FETA Probe

The newly created probe architecture is an extension of the original probe with the FETA acceleration module, which, with the appropriate use of the connection table, allows for the effective solution of other required functions: (i) collection of information on network flows, (ii) detection of security events using the Suricata IDS, and (iii) analysis of encrypted network communication. In order to be able to transfer the architecture to various acceleration cards, the newly designed probe is built on the NDK platform, which simultaneously ensures the reception of packets from the network and implements DMA for fast transfers over the PCI Express bus.

The architecture diagram is shown in Figure 1. After receiving the input packets from the network interface, they are stored in the packet FIFO memory and are simultaneously passed to the Packet Analyser component, which consists of two parts — Header Field Extractor (HFE) and Payload Analyser (PA). HFE analyzes packet headers and extracts important items such as MAC addresses, IP addresses, TCP/UDP ports, and the like. The PA unit processes packet data and calculates various functions on them, which can then be used for traffic analysis using classifiers created using machine learning. Examples of such functions include entropy calculation or searching for strings that occur in various protocols or specific communications.

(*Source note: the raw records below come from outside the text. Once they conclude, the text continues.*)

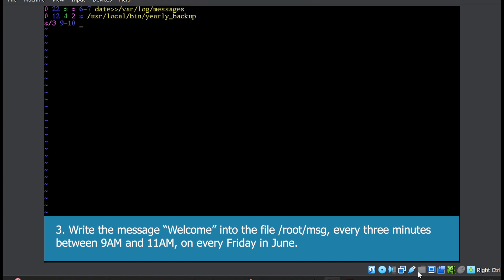Next is the day — the exact date is not mentioned, so write star. Month is June, so 6. The weekday is mentioned, which is Friday, so 5 is for Friday. Last, we need to write the command: echo welcome with double redirection into /root/message. You can create this message file if it doesn't exist. That's the answer for the third question.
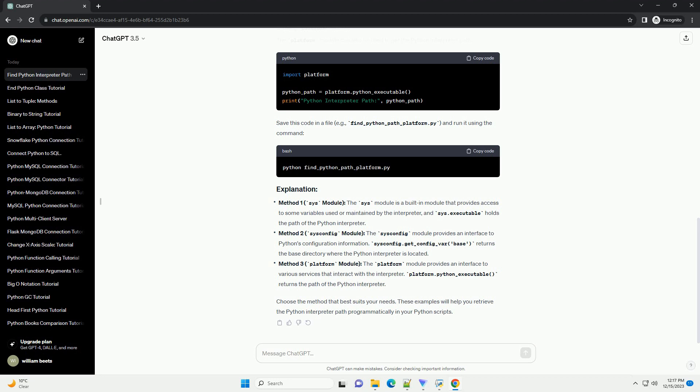Finding the Python interpreter path can be useful in various scenarios, such as when you want to ensure you're using a specific Python version or when configuring an environment variable. Here's a step-by-step tutorial with code examples. The sys module provides access to variables used or maintained by the interpreter, and sys.executable holds the path of the Python interpreter.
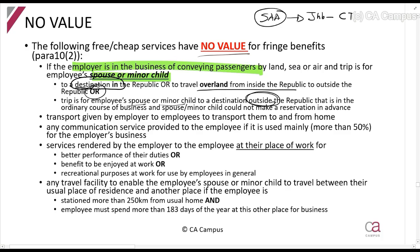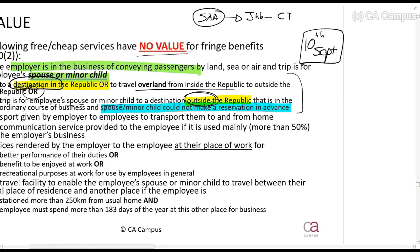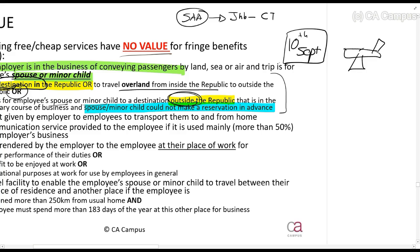Basically, if they allow your spouse or child to come and visit you inside South Africa it is null, and if they allow them to go outside South Africa it will also be null. An important exception: if the spouse or minor child could not make a reservation in advance — for example, my daughter wants to fly to England but can't book in advance — and on the day of departure they see an open seat and offer it to her, then it will also be a null value.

Hardware architecture of the FETA probe. Figure 1: Hardware architecture of the FETA probe.

From the Packet Analyser unit, the results of header extraction and packet analysis are passed to two downstream units, which are the packet filter and the FETA Acceleration Module (FAM). Based on information from the headers and the payload, the packet filter determines whether the packet does not match any of the filtering rules. The result of filtering is the Packet Info data structure containing information about whether the packet should be sent to one of the output DMA queues, or whether the data is not interesting from the filtering point of view and should be discarded. The Packet Info structure is passed together with the packet identifier to the Data Export unit. The Data Export unit matches the packet identification with the data in the packet FIFO and with the result of packet processing in the FETA acceleration module (FAM) and, based on the result, sends the packet to the required DMA queues or discards the packet.

Processing in the FETA acceleration module begins with the preparation of a Packet Record, which represents the input packet. For each supported function, a data block is selected in the Packet Record Assembler (PRA) block. All selected blocks are then combined into one wide vector (Packet Record), which, together with the network flow identifier, is passed to the network flow table (CTT — Connection Tracking Table). The network flow identifier uniquely defines the network flow. A network flow is commonly defined using five: source and destination IP addresses, source and destination ports, and a protocol number. In the case of IPv6 addresses, the five take up quite a lot of bytes that must be stored for each flow. To save memory space, the exact network flow identifier is replaced by a 64-bit hash value calculated from the five.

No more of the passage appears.